In this paper, a fast and parallelizable method based on Gaussian processes (GPs) is introduced to emulate computer models that simulate the formation of binary black holes (BBHs) through the evolution of pairs of massive stars. Two obstacles that arise in this application are the a priori unknown conditions of BBH formation and the large scale of the simulation data. We address them by proposing a local emulator which combines a GP classifier and a GP regression model. The resulting emulator can also be utilized in planning future computer simulations through a proposed criterion for sequential design. By propagating uncertainties of simulation input through the emulator, we are able to obtain the distribution of BBH properties under the distribution of physical parameters.

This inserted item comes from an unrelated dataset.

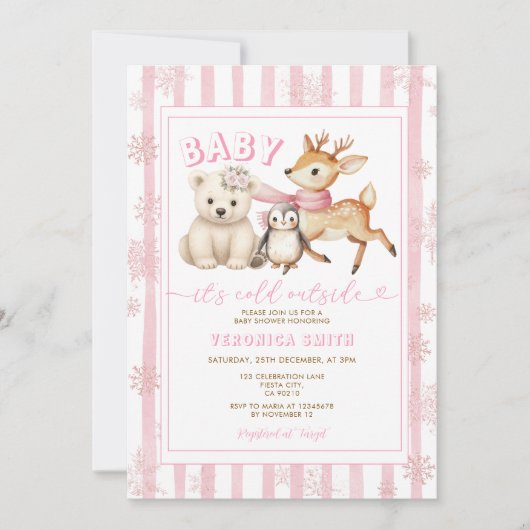 Winter Pink Baby It’s Cold Outside Baby Shower Kaart (Voorkant)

IM is a recipient of the Australian Research Council Future Fellowship FT190100574. IM acknowledges support from the Australian Research Council Centre of Excellence for Gravitational Wave Discovery (OzGrav), through project number CE17010000. This work was also supported by EPSRC grant no. EP/R014604/1 and a Natural Sciences and Engineering Research Council of Canada Discovery Grant.
We thank Jim Barrett and Simon Stevenson for contributions to early testing data and discussions. Simulations in this paper made use of the COMPAS rapid binary population synthesis code, which is freely available at http://github.com/TeamCOMPAS/COMPAS. The authors would like to thank the Isaac Newton Institute for Mathematical Sciences, for support and hospitality during the program “Uncertainty quantification for complex systems: theory and methodologies” and also the Statistical and Applied Mathematical Sciences Institute’s program on Statistical, Mathematical and Computational Methods for Astronomy where work on this paper was initially undertaken. IM acknowledges affiliation with the Australian Research Council Centre of Excellence for Gravitational Wave Discovery (OzGrav), and Birmingham Institute for Gravitational Wave Astronomy and School of Physics and Astronomy at University of Birmingham.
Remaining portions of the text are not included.